Pero esto tiene un precio. La mayoría de nosotros defendemos la libertad de expresión cuando vemos un peligro de que se supriman nuestras opiniones. Sin embargo, no nos preocupa tanto cuando opiniones que despreciamos encuentran de vez en cuando un poco de censura.
Si hay una ideología clave para que triunfe la Democracia es que no debe haber ideologías obligatorias ni prohibidas.
La expresión de las opiniones debe estar protegida al máximo, incluso en el caso de que algunos de los protegidos defiendan la idea de que abolirían tal protección si tuvieran ocasión (para evitarlo están los jueces).
En su célebre libro Sobre la libertad, el filósofo inglés John Stuart Mill defendía que silenciar una opinión es "un mal peculiar". Si la opinión es buena, se nos arrebata la oportunidad de cambiar el error por la verdad; y si es mala, se nos priva de una comprensión más profunda de la verdad en su colisión con el error. Si sólo conocemos nuestra versión del argumento, apenas sabemos siquiera eso; se vuelve insulsa, pronto aprendida de memoria, sin comprobación, una verdad pálida y sin vida.
Si la sociedad permite que un número considerable de sus miembros crezcan como si fueran niños, incapaces de guiarse por la consideración racional de motivos distantes, la propia sociedad es culpable. Thomas Jefferson, alguien de quien hablaré pronto, lo exponía de un modo más expeditivo: "Si una nación espera ser ignorante y libre en un estado de civilización, espera lo que nunca fue y  nunca será". En una carta a Madison, abundó en la idea: "Una sociedad que cambia un poco de libertad por un poco de orden los perderá ambos y no merecerá ninguno".
Hay gente que, cuando se le ha permitido escuchar opiniones alternativas y someterse a un debate sustancial, ha cambiado de opinión.
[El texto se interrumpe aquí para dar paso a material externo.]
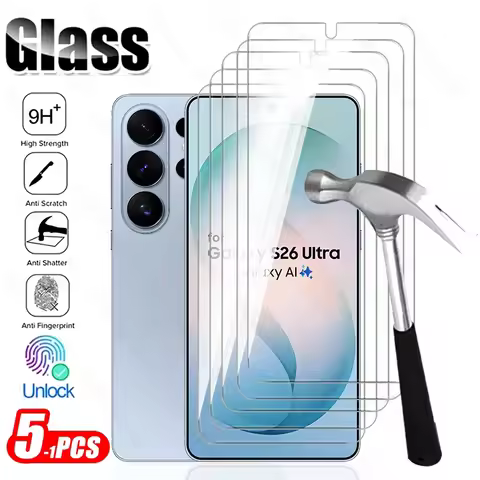 S26Ultra Glass 5-1Pcs 9H Tempered Glass For Samsung Galaxy S26 Ultra S 26 26Ultra 26+ S26+ 5G Unlock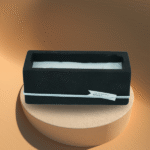 RESIN SCENTED CANDLE -BLACK-7.5X7.5X18.5CM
Se me viene a la cabeza el ejemplo de un tal Hugo Black, quien en su juventud era miembro del Ku Klux Klan y más tarde se convirtió en juez del Tribunal Supremo y fue uno de los defensores de las históricas decisiones del tribunal que afirmaron los derechos civiles de todos los norteamericanos. Se decía de él que, de joven, se puso túnicas blancas para asustar a los negros y, de mayor, se vistió con túnicas negras para asustar a los blancos.
El sistema de justicia penal es falible: se puede castigar a personas inocentes por delitos que no cometieron; los gobiernos son perfectamente capaces de encerrar a los que, por razones no relacionadas con la suposición de delito, no les gustan.  A veces puede liberarse al culpable para que el inocente no sea castigado. Eso no es sólo una virtud moral; también impide que se use el sistema de justicia penal para suprimir opiniones impopulares o minorías despreciadas. Es parte de la maquinaria que nos damos para subsanar nuestros propios errores.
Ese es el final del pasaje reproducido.